Titles seem obvious or self-evident as categories of writing, but they have a history as a form. Before print, manuscript texts began with an ‘incipit’ (Latin for ‘here begins’ or ‘it begins’): a brief statement that both announces the beginning of the text and declares its subject – like Incipit liber danielis (‘Here begins the Book of Daniel’). Incipits are interesting because they make the beginningness of titles part of the title.
Incunables (books printed in the infant years of print, before 1501, from the Latin incunabula, ‘swaddling clothes’ or ‘cradle’) had a brief title applied to the otherwise blank leaf at the start of the text – a blank leaf that was there to serve as a protective covering during the book’s transit. These titles were an improvised appropriation of a bit of available paper. By the 16th century, printed books began to present the title-pages we recognize today – like John Milton’s Paradise Lost, first published in 1667, and maybe (we can argue about this later) the best poem in English. In 2009, the popular historian Giles Milton published Paradise Lost, about the destruction of Smyrna in 1922. In 2022, Elizabeth Drayson published a history of Granada called Paradise Lost, and a year later, Paul Hogget wrote a book about the climate crisis which he called Paradise Lost. None of these should be confused with Lost in Paradise: A Billionaire Romance, by J.A. Low, published in 2022.

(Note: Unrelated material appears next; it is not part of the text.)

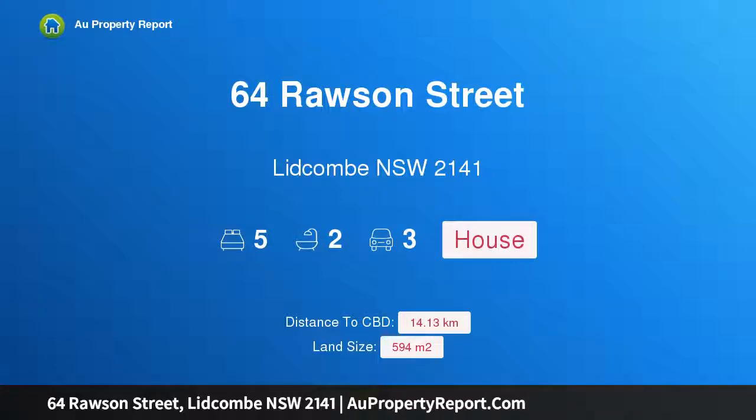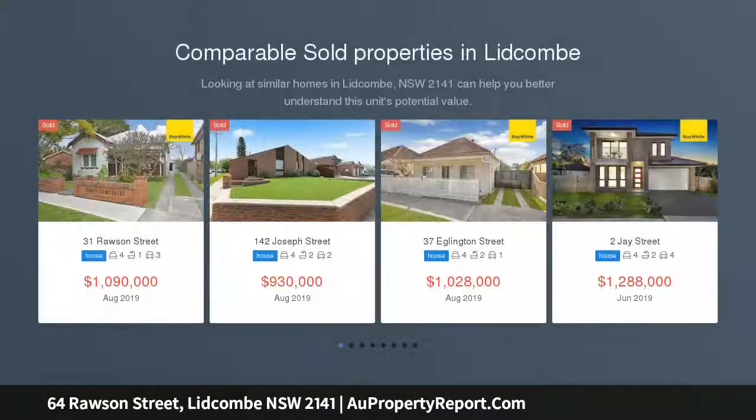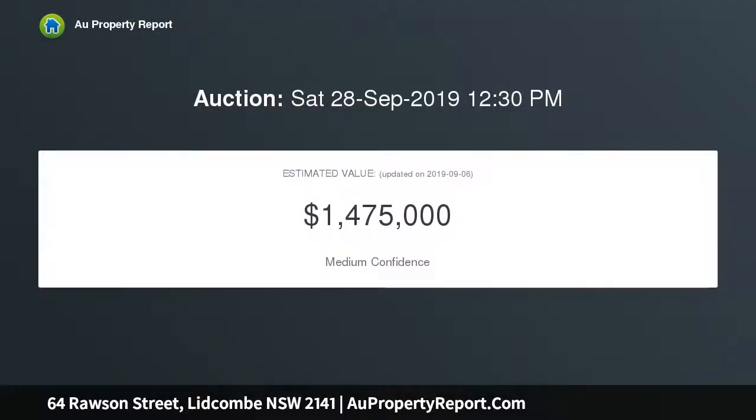Hi, I am glad to introduce property 64 Lawson Street, Lidcombe, New South Wales 2141. Purchase for dual income or duplex potential. Located in a popular residential street of Lidcombe, only minutes walk to schools, shops, cafes, and Lidcombe railway station. Perched on a large 594.37 sqm corner block having a 17.32 meter frontage, the property offers two detached dwellings.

For the history of title-pages, I’d recommend Whitney Trettien’s ‘Title Pages’, in Book Parts, eds. Dennis Duncan and Adam Smyth (Oxford University Press, 2019), pp. 39-49.

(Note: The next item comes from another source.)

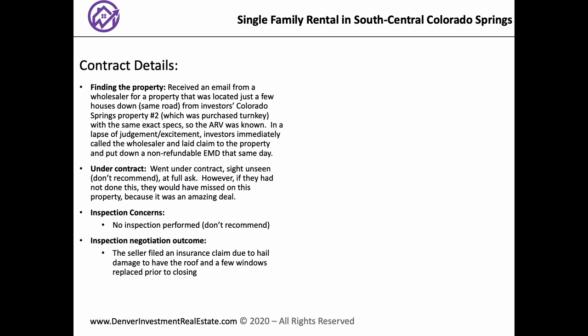Were you able to negotiate inspection items? Part of what the wholesaler had already negotiated with the seller was to file an insurance claim for hail damage. They had several broken windows due to hail and the roof was pretty much annihilated due to hail. The wholesaler negotiated that — it was outlined in the initial email. So we at least knew we were going to get a new roof and a couple of new windows. In fact, when we went for the walkthrough, the seller asked us what color roofing material we wanted — and it was fixed by the time we closed.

And for the explicit: http://books-on-books.com/2019/04/23/the-colophon-and-the-left-over-i/ !
Funny, I've experienced with Markson a variation on this. I can't remember what had happened, perhaps the curriculum was changed a tad bit too late, but for one class I took in college some of the students were reading Markson's This is not a Novel, the others his Reader's Block.
I suppose that editor of Title Pages is not a mere relative?